This is a demo for operationalizing AI and Calculators in MarkLogic Data Hub.
- A sane Macos with docker.
- Have valid docker credentials in
$DOCKERUSER
and$DOCKERPW
- Java 8
On the host machine:
docker login -u $DOCKERUSER -p $DOCKERPW
mkdir -p /Users/shared/aidata
docker run -d -it -p 8000-8020:8000-8020 \
-v /Users/shared/aidata:/var/opt/MarkLogic \
-e MARKLOGIC_INIT=true \
-e MARKLOGIC_ADMIN_USERNAME=admin \
-e MARKLOGIC_ADMIN_PASSWORD=admin \
--name aidata store/marklogicdb/marklogic-server:10.0-1-dev-centos
Run the container while linking to MarkLogic and setting the current directory as a mount
docker pull microsoft/cntk:2.3-cpu-python3.5
docker run -d -p 8888:8888 \
--name cntk-jupyter-notebooks \
--link aidata -v `pwd`:/mount \
-t microsoft/cntk:2.3-cpu-python3.5
Keras is configured to use Tensorflow by default. You need to change the ~/.keras/keras.json
file in the Jupyter docker container so that it uses CNTK.
docker cp keras.json cntk-jupyter-notebooks:/root/.keras/keras.json
On the host machine (use Java 8), leave this command running in its own shell.
java -jar marklogic-datahub-5.0.2.war
Before logging into the Data Hub UI, put the data
directory from this project where the Data Hub can find it.

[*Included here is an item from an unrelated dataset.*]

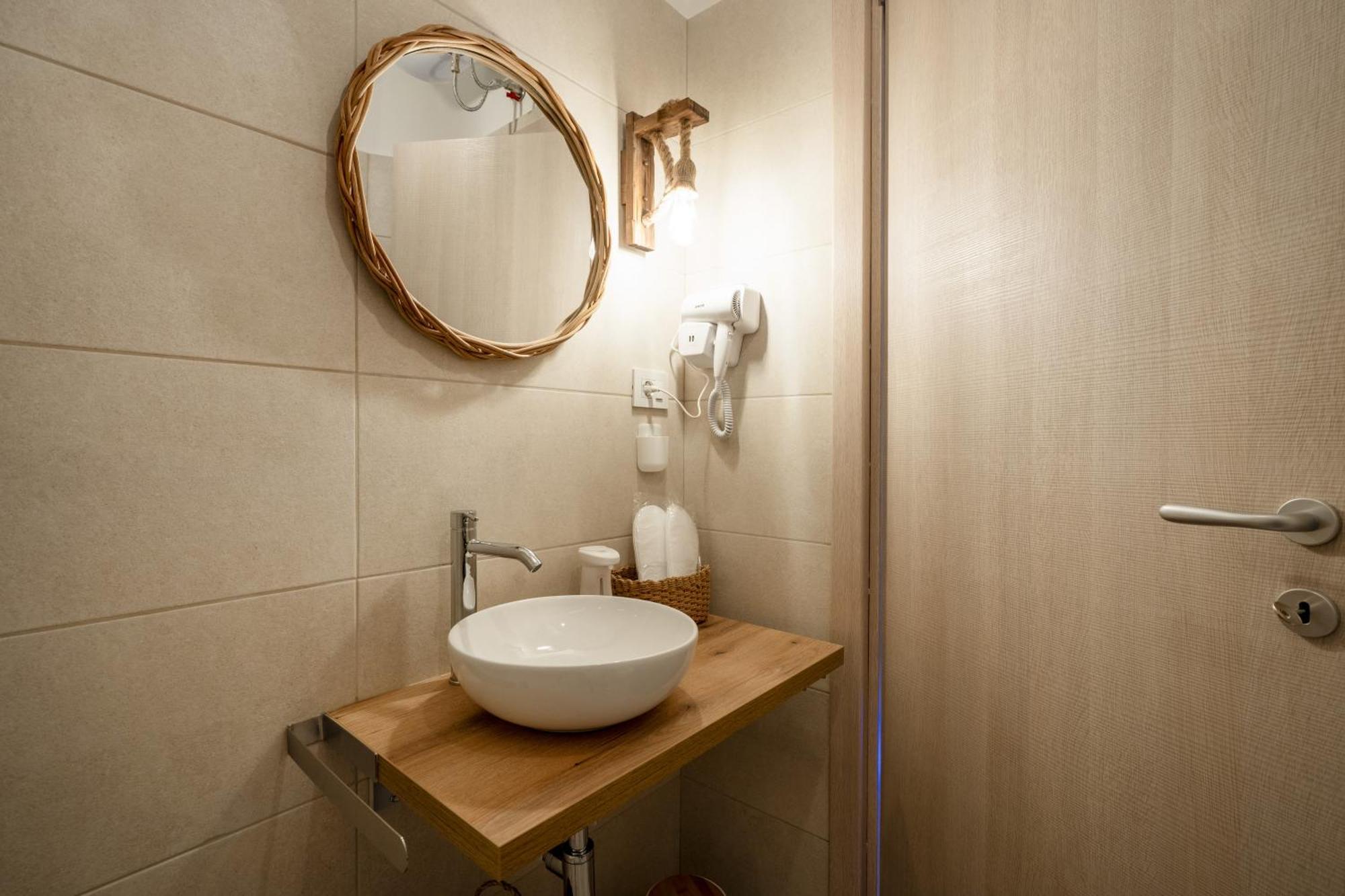 Dimora Giulia Luxury Suite And Room กัสเตลลานา กรอตเต ภายนอก รูปภาพ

From the host machine in the project root:
mkdir -p /Users/Shared/aiingest
cp -r data /Users/Shared/aiingest
Then, open the Data Hub UI (at http://0.0.0.0:8080). Run the cbs_index
flow.
This step is informational. The results are already part of the Jupyter notebook that will be run later. On the QConsole (http://0.0.0.0:8000/qconsole), run the following Javascript:
const op = require('/MarkLogic/optic');
op.fromSQL("select * from cbs_index").export();
This should return a JSON object like the body of the POST below.
The results of the last command will be used in the body of a POST to the /v1/rows
API on the FINAL database (http://localhost:8011/v1/rows), with header Accept: 'text/csv'
, and valid DIGEST credentials.
POST Body:
{
"$optic": {
"ns": "op",
"fn": "operators",
"args": [{
"ns": "op",
"fn": "from-sql",
"args": [
"select * from cbs_index",
null
]
}]
}
}
The above JSON is already saved URL-encoded within the Jupyter Notebook, CBS_Linear_Regression_Model.ipynb
. It can be tested in Postman or with curl
.
docker exec -it cntk-jupyter-notebooks bash -c "source /cntk/activate-cntk && jupyter-notebook --no-browser --port=8888 --ip=0.0.0.0 --notebook-dir=/mount --allow-root"
Open the Jupyter notebook at http://0.0.0.0:8888/, or better yet follow the link (with the ?token=
parameter) in the output of the above docker exec
command. Execute each command in sequence.